━━━━━ Data for this exercise

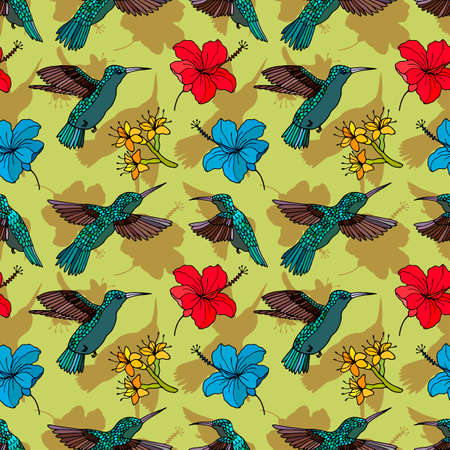 Seamless pattern of Birds Hummingbird, Hibiscus, Agave flower.のイラスト素材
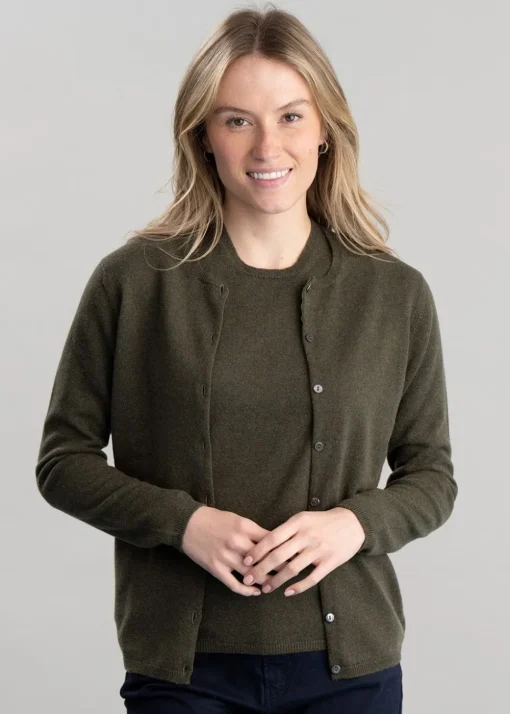 Millie Cashmere High Button Cardigan - Loden Mix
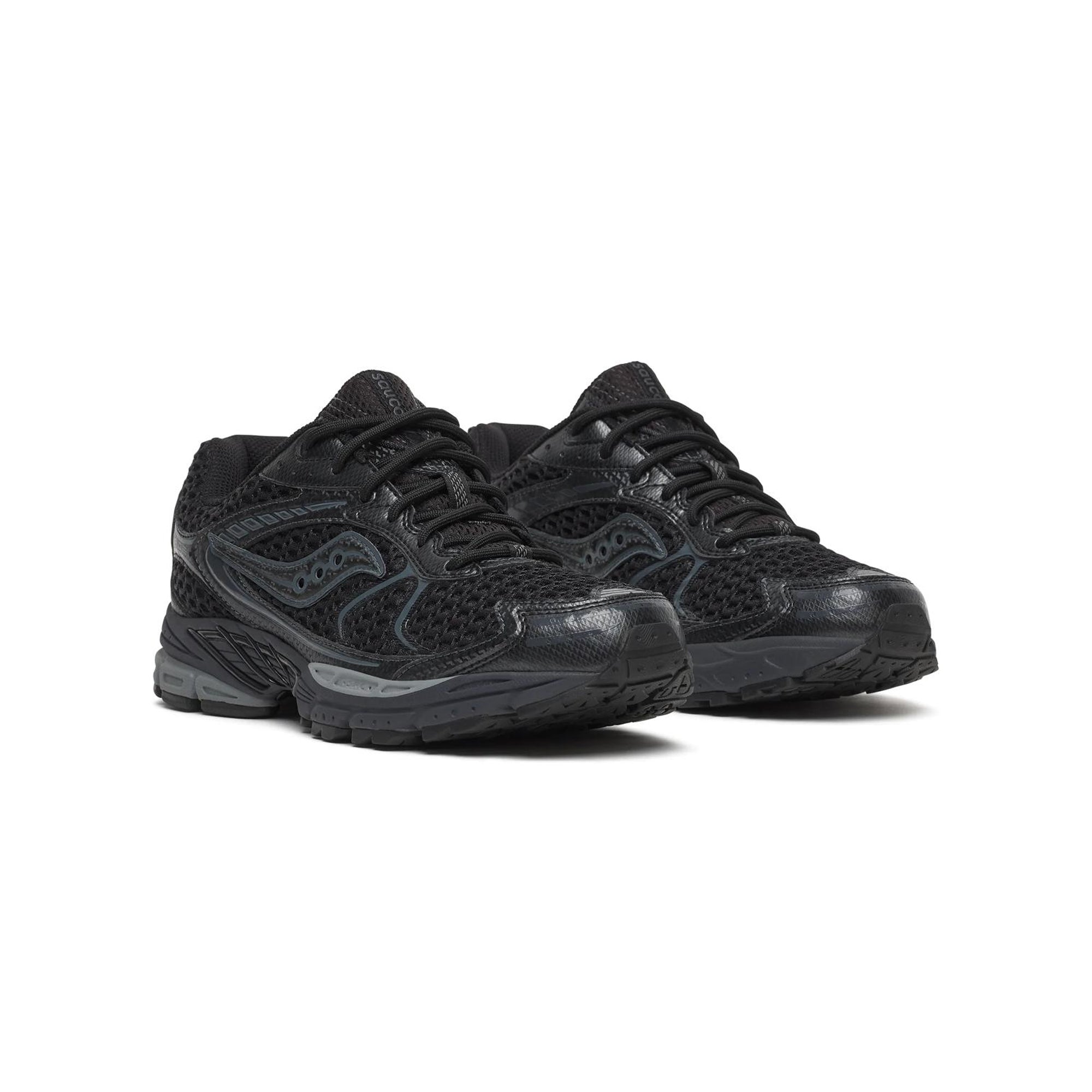 Black / Gun Metal Sneakers on a white background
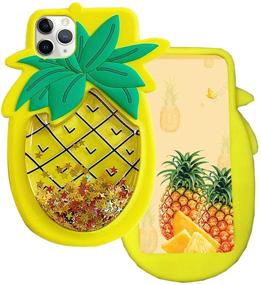 img 4 attached to MME Character For IPhone 7 Plus/8 Plus/6 Plus/6S Case - Cute Pineapple 3D Cartoon Quicksand Soft Silicone Shockproof Case Fashion Cool Design Funny Pretty Phone Cover For Girls (Pineapple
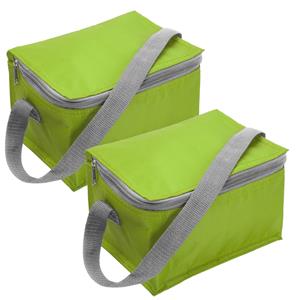 Trendoz set van 2x stuks kleine koeltas lime groen voor 6 blikjes met rits en draagband -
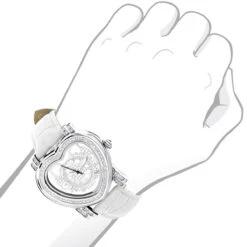 Luxurman Ladies Diamond Heart Watch 0.30ct White -Urban Jewels Shop luxurman ladies diamond heart watch 030ct white p 43109bod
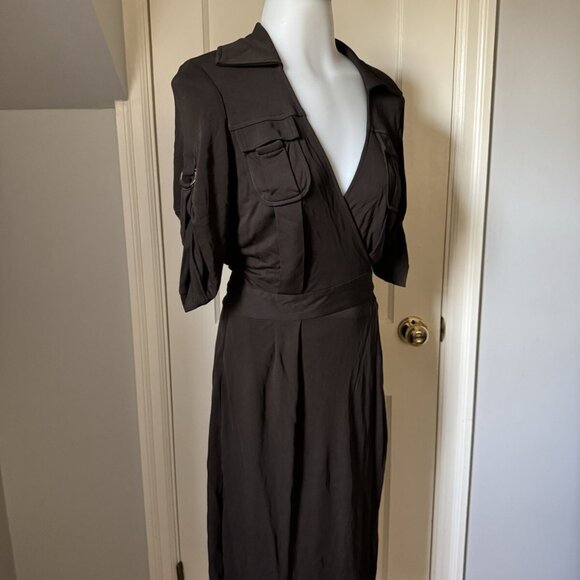 Women’s Diane Von Furstenberg Solid Brown V-Neck Collared Tie Wrap Dress - Picture 3 of 10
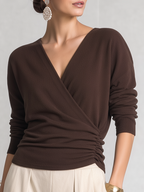 Brown Stockholm Style Wrap V-Neck Ruched Knit Blouse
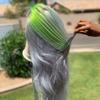 13x4 Lace Front Human Hair Wig Body Wave Grey with Green Highlight Skunk Stripe Wig Human Hair Lace Front Color, Brazilian Remy Hair Lace Frontal Wig Pre Plucked with Baby Hair for Women 150% Density (10inch, 13x4) view 2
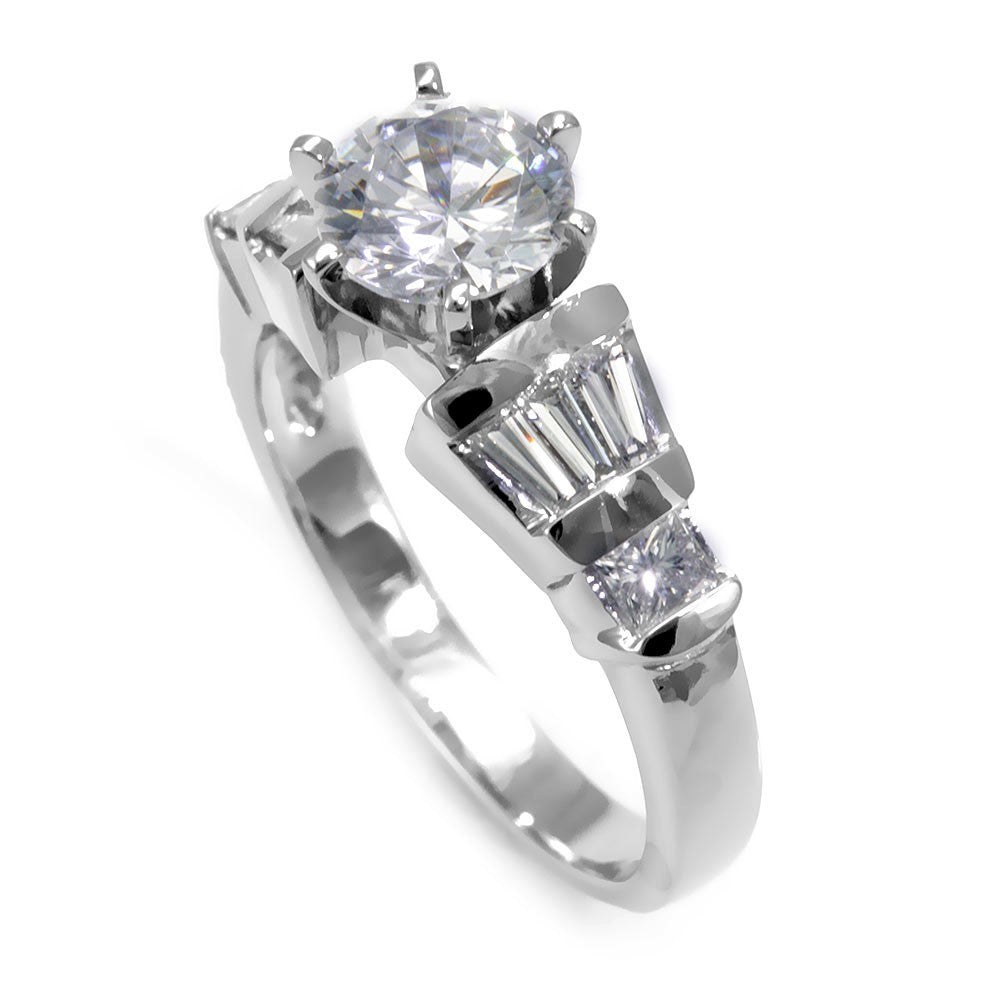 White Gold Engagement Ring with Princess Cut Diamond Side Stones & Baguette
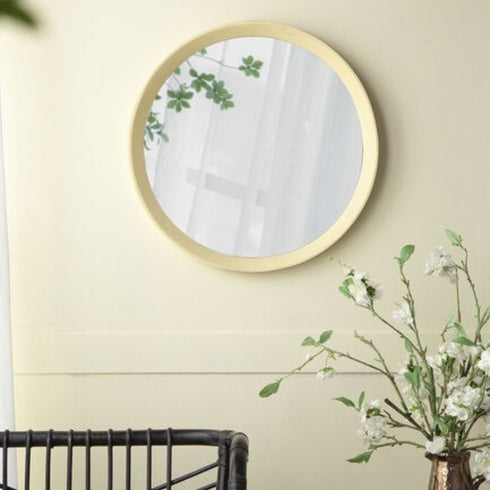 Mango cream Wood Round Mirror lifestyle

━━━━━━━━━━

◆ **What needs to be done**
Set down word for word every line from the one containing "13x4 Lace Front" through the last line of the records above, both ends included. Leave out the pictures.

◆ **Your solution**
 13x4 Lace Front Human Hair Wig Body Wave Grey with Green Highlight Skunk Stripe Wig Human Hair Lace Front Color, Brazilian Remy Hair Lace Frontal Wig Pre Plucked with Baby Hair for Women 150% Density (10inch, 13x4) view 2
 White Gold Engagement Ring with Princess Cut Diamond Side Stones & Baguette
 Mango cream Wood Round Mirror lifestyle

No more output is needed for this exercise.